# This sort of thing never happens to me...



## Lucretia (Mar 1, 2013)

and I'm feeling a little giddy right now. Been spending a little time on the Goodwill auction site (for those of you not familiar with Goodwill, they're a charitable organization. People donate stuff and they sell it to raise money.) My mom passed away last year, and my sisters went in and stole everything they could out of the house, so I've been trying to replace keepsakes and memories. A lot of older items get donated when family members pass away, so Goodwill is a good place to look for things that your parent & grandparents had. So looking around at some crystal pieces, I spotted something interesting. A crystal vase...marked, they couldn't read the marking, but included a photo. Well, hot dog, I can read that marking! Jumped in on the auction, and paid $20 plus shipping for the vase. Got it today and cleaned it up--and it's perfect. So now I've got an $800 Orrefors vase in perfect condition sitting in the middle of my dining room table. :eek2: Haven't stopped laughing yet. (Probably will hear a big crash tonite when the cat knocks it off the table.)


----------



## don (Mar 1, 2013)

Congratulations!


----------



## Lucretia (Mar 1, 2013)

Thanks! Between getting the vase and snaking a hairball out of the shower drain so that the water no longer laps gently at my ankles, it's been a great day!


----------



## Zwiefel (Mar 1, 2013)

Lucretia said:


> Thanks! Between getting the vase and snaking a hairball out of the shower drain so that the water no longer laps gently at my ankles, it's been a great day!

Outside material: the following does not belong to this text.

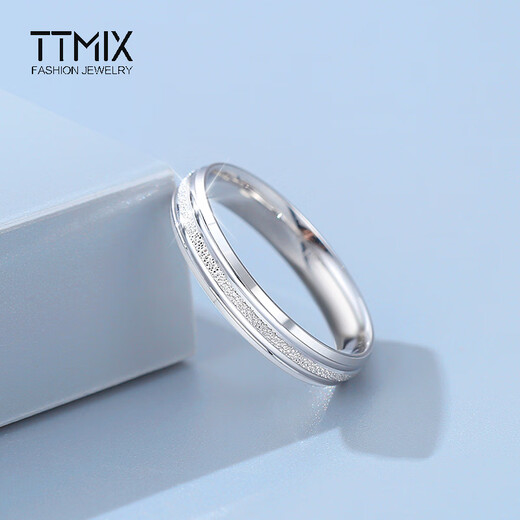 TTMIX frosted platinum ring pt950 platinum pair of rings wedding rings men and women plain ring couple style closed ring 8# 3.27g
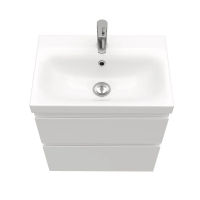 Тумба под раковину Laparet Optimum Slim 60 подвесная / LO-WCAB-60SL-01 белый глянец — 2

Heh....the joys of being a settled adult, eh? I totally get it.


----------



## Customfan (Mar 1, 2013)

Cool! Glad to hear... Every once in a while an unexpected PLUS happens and it makes everything worth while!


----------



## cclin (Mar 1, 2013)

before your cat knocks the Orrefors vase off...you better sell it & buy a new knife


----------



## Duckfat (Mar 2, 2013)

Well congrats and I got a very good laugh out of your post. My wife used to have a large Waterford vase. I cut fresh lilacs and put the vase on the fireplace mantle. We woke up to a crash the following morning and found Mr.Whisker biscuit rolling in the Lilacs. Turns out my little buddy likes nachos......and Lilacs! :lol2:


----------



## 77kath (Mar 2, 2013)

Even better if it were from your mother's house!


----------



## franzb69 (Mar 2, 2013)

almost looks like a way to make some money as well.... looking for stuff people consider as junk and selling them =D

grats on the great find!


----------



## Burl Source (Mar 6, 2013)

Looks to me like you saved about $750.
So.....take that money and buy your self a new knife.
With what you saved it is like getting the knife for free.
There is really no way you can afford not to.


----------